>>>>
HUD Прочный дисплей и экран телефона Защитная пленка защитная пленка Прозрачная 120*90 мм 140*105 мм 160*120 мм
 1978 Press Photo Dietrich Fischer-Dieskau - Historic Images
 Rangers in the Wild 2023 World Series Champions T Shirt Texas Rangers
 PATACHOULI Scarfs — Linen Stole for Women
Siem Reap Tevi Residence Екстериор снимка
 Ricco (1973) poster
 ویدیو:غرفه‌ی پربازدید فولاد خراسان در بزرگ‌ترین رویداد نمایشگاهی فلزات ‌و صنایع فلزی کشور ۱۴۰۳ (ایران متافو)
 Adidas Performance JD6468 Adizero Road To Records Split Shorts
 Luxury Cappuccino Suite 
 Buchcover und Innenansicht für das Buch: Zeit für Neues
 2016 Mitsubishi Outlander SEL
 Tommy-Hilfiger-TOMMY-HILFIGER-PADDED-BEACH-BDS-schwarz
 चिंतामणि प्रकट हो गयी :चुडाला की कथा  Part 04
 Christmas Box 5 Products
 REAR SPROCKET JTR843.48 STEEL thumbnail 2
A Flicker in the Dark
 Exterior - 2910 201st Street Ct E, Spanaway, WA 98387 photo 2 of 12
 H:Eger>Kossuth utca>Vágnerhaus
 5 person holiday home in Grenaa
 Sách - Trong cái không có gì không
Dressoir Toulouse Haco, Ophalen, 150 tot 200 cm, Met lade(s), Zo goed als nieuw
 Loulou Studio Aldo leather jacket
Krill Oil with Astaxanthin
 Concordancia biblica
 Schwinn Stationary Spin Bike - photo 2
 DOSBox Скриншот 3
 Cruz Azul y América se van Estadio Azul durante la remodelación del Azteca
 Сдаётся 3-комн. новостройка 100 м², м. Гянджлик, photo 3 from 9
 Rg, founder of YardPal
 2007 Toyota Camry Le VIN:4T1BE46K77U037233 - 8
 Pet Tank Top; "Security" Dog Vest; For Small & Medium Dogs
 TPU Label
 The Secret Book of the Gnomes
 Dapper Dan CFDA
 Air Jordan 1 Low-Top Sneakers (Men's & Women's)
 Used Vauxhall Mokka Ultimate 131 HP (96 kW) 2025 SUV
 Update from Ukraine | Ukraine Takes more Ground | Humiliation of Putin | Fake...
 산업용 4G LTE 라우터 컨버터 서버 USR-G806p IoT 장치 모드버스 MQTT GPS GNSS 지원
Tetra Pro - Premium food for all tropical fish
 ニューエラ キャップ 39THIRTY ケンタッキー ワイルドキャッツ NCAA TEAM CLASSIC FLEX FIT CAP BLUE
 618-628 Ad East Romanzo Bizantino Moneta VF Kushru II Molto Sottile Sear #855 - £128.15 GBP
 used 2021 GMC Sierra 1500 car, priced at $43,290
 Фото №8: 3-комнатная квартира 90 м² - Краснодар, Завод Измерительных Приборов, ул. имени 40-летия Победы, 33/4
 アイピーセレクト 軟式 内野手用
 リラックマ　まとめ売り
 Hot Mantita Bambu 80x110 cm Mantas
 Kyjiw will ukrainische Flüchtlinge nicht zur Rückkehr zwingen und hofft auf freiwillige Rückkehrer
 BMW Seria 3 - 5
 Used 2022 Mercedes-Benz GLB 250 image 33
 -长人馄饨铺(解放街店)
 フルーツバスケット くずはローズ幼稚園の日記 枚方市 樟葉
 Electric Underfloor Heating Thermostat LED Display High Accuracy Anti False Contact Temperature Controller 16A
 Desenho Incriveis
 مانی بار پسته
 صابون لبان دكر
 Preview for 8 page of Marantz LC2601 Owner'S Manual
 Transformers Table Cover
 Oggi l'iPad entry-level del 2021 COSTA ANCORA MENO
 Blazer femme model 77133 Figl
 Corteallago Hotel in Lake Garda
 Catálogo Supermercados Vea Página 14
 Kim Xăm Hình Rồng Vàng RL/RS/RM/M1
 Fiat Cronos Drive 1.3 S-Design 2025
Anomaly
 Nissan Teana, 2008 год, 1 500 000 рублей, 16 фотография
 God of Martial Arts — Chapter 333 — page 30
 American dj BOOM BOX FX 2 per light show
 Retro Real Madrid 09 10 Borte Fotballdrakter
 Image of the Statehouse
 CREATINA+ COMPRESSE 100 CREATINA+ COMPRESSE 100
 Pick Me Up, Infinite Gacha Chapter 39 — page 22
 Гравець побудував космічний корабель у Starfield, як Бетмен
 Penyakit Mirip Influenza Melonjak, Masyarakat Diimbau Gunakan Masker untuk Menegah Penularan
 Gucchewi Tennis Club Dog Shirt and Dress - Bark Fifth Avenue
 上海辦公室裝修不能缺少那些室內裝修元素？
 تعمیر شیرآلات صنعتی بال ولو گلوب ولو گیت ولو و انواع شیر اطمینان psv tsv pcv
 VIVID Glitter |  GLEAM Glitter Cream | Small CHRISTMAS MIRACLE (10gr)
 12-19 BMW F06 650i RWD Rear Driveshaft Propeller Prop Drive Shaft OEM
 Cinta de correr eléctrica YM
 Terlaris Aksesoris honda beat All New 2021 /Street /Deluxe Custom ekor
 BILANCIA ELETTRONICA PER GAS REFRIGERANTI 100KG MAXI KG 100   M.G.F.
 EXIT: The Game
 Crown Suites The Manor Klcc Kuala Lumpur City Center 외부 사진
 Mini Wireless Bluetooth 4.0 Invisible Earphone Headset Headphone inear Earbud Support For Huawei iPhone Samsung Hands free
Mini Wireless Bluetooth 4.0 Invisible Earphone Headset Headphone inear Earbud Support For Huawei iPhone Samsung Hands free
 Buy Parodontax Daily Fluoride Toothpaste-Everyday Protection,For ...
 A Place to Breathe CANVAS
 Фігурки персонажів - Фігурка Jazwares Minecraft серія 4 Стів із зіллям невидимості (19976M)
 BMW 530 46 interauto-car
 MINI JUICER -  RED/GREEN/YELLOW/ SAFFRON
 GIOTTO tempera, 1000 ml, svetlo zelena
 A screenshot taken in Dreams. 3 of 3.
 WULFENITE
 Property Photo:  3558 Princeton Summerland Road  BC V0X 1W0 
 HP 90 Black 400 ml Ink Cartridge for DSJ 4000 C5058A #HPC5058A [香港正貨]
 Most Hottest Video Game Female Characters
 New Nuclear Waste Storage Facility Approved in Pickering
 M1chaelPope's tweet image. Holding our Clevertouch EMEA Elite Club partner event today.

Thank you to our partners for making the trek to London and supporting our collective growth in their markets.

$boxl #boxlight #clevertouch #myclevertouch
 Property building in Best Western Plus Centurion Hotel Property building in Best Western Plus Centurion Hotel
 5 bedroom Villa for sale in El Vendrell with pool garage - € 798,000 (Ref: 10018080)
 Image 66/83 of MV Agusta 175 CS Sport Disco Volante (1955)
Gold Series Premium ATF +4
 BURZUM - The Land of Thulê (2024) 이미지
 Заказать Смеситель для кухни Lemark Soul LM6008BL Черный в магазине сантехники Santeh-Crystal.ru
<<<<
In the listing above, locate the line with "चिंतामणि प्रकट हो" and the line with "H:Eger>Kossuth utca>Vágnerhaus", then extract exactly those lines and every line between them, and nothing more.

 चिंतामणि प्रकट हो गयी :चुडाला की कथा  Part 04
 Christmas Box 5 Products
 REAR SPROCKET JTR843.48 STEEL thumbnail 2
A Flicker in the Dark
 Exterior - 2910 201st Street Ct E, Spanaway, WA 98387 photo 2 of 12
 H:Eger>Kossuth utca>Vágnerhaus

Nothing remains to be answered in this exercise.